For instance, soil almost always has enough Boron that adding in more would actually be bad for the plants. This means that Boron is really only needed if you’re planting in sandy or droughty soil.

Of course, if you’ve been growing large amounts of high-yield crops, chances are a lot of those nutrients were sucked out of the soil by whatever you grew last year.

This means that the best way to determine what kinds of micronutrients you need to use is to do a soil or leaf test. This will tell you how much of each mineral can be found in your soil and therefore how much you need to add to make the soil grow crops even better than before.

You will likely want to use at least some micronutrients each year to keep your plants producing at their optimal rate.

Common Questions

Common Questions

What is the difference between macronutrients and micronutrients?

Macronutrients are the nutrients that plants need in large amounts to thrive, such as nitrogen or phosphorous. Micronutrients are just the opposite: plants need them in minuscule amounts, although they are still definitely necessary.

While getting plants the macronutrients they need can be an issue of life and death, micronutrients are all about optimization. Most plants can live with suboptimal micronutrient situations, but adding them in can boost productivity significantly.

Micronutrients are kind of like vitamin supplements for plants. Using them will ensure that your plants grow to see their maximum potential.

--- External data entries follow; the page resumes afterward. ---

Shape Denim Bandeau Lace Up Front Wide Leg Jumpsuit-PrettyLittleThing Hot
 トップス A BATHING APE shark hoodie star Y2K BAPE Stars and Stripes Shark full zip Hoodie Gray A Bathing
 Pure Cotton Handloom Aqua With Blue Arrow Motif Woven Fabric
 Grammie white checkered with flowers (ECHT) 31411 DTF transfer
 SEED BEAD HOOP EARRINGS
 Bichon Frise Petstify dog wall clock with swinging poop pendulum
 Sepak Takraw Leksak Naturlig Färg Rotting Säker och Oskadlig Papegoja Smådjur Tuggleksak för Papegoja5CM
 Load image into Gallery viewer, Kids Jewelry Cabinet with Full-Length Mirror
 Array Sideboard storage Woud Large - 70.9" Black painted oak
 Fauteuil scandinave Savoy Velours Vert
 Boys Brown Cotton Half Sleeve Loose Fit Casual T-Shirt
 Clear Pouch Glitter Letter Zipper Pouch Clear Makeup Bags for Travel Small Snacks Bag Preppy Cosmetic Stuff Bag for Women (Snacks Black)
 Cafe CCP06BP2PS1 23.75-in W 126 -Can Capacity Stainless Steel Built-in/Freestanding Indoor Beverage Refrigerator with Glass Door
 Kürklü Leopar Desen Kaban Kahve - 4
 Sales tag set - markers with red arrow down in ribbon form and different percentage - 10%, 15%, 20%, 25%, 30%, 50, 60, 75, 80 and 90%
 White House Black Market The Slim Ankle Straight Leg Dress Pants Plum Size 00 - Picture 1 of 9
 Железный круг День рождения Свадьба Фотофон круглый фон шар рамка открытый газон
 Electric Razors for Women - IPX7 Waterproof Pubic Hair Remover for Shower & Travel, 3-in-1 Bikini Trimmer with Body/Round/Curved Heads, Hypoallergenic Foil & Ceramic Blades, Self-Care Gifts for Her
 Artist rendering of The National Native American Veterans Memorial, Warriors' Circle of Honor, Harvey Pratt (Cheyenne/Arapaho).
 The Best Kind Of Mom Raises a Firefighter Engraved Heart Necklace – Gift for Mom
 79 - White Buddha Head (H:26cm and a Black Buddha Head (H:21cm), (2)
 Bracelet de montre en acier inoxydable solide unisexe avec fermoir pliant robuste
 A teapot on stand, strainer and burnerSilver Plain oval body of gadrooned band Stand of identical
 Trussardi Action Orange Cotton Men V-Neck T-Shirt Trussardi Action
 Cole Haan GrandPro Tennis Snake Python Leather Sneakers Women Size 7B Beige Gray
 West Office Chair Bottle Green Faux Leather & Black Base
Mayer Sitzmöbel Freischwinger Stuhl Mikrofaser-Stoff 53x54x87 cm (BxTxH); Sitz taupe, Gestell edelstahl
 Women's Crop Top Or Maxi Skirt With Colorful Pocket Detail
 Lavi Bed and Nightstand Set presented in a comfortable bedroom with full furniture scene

What are the differences between granular and liquid fertilizers?

Aside from the obvious difference of texture, the biggest difference between the two is that liquid fertilizer is more fast-acting, and the farmer has more control over the amount of nutrients that are being applied at any given time. On the other hand, granular fertilizer only needs to be applied once and seeps out small amounts of nutrients over a long period of time.

When it comes to micronutrition, it often isn’t that important to be perfectly in control of how much is released at any given time, since the amount that plants need is minuscule anyways. What’s more important is making sure that it stays in the soil for a long time and is easy for the roots to access.

This makes granular fertilizer the ideal vehicle for micronutrients.

How much do you need per acre?

How much you need per acre will depend on what micronutrient you need to add and how much of it is already in the soil, since most micronutrients can be toxic to plants when applied in excess. In order to figure out the amount of each nutrient that you need, you’ll want to take your lab results to an agronomist for advice.